The next panel combines milled, stained wood with bamboo in a pattern that is balanced but not rigidly ordered:
It's kind of amazing that pieces of wood as irregular as those in the next unit can be combined into a pattern that feels like it was constructed from precise bits:
Were those leftovers? Maybe! If so, they certainly provided appropriate inspiration.
That panel's close-up reveals the crowning baseball bat . . . and a white rock nested at the center of the wooden diamond:
Next door, we have another regular/irregular rhythm—these panels offer interesting, while comparatively restful, contrast to the earlier, busy collections of parts:
And here's the final panel, with lines that feel almost scribbled, abutting the concrete-and-chainlink establishment, part or all of which almost certainly existed when the fence we've been looking at was conceived:
That final panel looks quite simple, doesn't it? It is.
Or is it? Here are some close-ups:
As the job was completed, did the tools become part of the assemblage they'd helped build?

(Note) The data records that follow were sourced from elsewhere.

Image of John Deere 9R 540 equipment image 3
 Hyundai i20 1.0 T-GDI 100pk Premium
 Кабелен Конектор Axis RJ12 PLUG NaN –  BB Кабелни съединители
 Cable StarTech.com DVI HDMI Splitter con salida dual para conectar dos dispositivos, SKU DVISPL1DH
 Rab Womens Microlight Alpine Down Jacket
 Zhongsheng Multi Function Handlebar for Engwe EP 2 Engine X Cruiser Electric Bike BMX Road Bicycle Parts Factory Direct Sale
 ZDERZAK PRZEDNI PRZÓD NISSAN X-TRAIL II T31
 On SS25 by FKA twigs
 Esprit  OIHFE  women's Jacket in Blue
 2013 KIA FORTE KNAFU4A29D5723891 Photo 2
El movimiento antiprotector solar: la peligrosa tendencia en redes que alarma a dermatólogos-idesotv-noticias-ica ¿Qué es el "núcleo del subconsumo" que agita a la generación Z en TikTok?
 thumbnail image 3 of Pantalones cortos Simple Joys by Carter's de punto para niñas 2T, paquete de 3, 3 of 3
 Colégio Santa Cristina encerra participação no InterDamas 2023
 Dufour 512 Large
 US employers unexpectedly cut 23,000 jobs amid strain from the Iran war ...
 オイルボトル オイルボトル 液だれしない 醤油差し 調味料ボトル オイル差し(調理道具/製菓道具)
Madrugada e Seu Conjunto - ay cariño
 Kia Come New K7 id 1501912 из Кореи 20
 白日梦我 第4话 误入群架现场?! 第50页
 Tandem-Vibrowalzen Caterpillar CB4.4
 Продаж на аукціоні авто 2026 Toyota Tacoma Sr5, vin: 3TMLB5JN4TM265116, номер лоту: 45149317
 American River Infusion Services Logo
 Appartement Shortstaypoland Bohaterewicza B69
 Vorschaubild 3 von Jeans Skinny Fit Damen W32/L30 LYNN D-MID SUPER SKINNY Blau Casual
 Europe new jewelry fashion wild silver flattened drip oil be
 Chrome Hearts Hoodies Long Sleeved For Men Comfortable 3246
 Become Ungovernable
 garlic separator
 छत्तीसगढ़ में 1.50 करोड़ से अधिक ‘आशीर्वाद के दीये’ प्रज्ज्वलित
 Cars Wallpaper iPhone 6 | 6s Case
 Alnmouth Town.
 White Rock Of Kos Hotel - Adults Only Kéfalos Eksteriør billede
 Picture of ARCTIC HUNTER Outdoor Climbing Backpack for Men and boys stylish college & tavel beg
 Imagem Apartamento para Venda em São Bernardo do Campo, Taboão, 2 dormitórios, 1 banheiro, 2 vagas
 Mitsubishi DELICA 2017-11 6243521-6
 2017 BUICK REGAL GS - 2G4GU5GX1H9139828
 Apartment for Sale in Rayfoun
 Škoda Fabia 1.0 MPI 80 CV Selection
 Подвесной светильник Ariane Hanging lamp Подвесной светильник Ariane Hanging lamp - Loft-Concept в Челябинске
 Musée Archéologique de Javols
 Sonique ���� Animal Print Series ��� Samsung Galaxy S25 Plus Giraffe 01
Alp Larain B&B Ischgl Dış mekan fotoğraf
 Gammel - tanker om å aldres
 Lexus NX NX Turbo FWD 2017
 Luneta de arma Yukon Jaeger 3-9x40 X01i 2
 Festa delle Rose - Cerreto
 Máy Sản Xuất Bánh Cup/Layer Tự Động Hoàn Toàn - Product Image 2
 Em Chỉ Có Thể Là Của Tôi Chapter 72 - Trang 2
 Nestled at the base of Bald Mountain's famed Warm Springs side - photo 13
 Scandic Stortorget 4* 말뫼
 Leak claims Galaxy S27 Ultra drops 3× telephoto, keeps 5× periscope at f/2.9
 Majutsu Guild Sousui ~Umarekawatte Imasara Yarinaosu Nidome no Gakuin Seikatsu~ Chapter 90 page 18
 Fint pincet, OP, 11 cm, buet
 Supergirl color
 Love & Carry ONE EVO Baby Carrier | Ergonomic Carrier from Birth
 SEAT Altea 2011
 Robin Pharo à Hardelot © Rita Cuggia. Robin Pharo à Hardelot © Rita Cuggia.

We ended our journey to Port Townsend, our former home, in the downtown area, at the Silverwater Cafe. This restaurant didn't exist when we lived here, but its owner is a long-time friend, even a member of the extended family, and I had heard about, but hadn't seen, what he'd accomplished. Back in the day, he was a really good cook (an exceptional lefse maker, among other things, and that's both art and craft). He still is. It's the sort of place where they have ongoing discussions about how the coleslaw should be made (I'd say exactly as they've got it now), and whether it appropriately complements every other menu item that it finds itself next to.
Sort of like building the panels on a fence.
Here's a photo of my sister and my mother outside the cafe. Along with the flowers in the window boxes, rainbow chard is also growing.
I can recommend the lentil burger. It's rightfully famous.
As we traveled back toward Seattle, most of the traffic was going in the other direction. The ferry ride was, as usual, smooth and prompt. While the weather had cleared up a bit, the gray skies still provided a subtle backdrop for a downtown landmark.
And that's that. The next post will talk about something entirely different. I have some ideas what that will be, but I'm not certain which of the alternatives will bubble to the top and get written up. . . .
I'm hoping it will also include news about the rediscovery, and completed delivery, of three much-missed packages. . . .
Wonderful story. And Lefse? I haven’t made any since the ’70’s but mom still makes it for holidays. Brother makes garlic lefse, parmesan lefse. Far too flavorful to be properly authentic, but his crowd approves.
Susan J Tweit
Now that’s a fence! I especially like the “theme” panels and the small details that casual passers by might not notice. Thanks for the story in photos and commentary. And welcome home–I hope the missing sample boxes have surfaced.
I think the fence is wonderful, and I loved the commentary on your response to the fence. I hope the fence’s maker sees your posts. I’m reminded of the time I figured out that you can make pie filling with fresh fruit and fruit juice – ANY fresh fruit and ANY fruit juice. It may have started with strawberries and apple juice and moved on to apples and papaya nectar, but before I moved on to something else there was a long series exploring combinations never-before-imagined, unified by some common rules that have to be observed to make it function as a pie.
I also loved your story of sharing the walking about looking for places and things that have meaning in your memory. We talk about this exercise as ‘dusting off the plaques,’ imagining that there should be a brass plaque that says ‘Deb Robeson habitually walked by this place and still carries impressions gathered …’ It sounds like you had a very fruitful time dusting off the plaques.
Thanks for the posts, and here’s to UPS finding missing boxes.
Fiber art is everywhere: Love the fence quilt!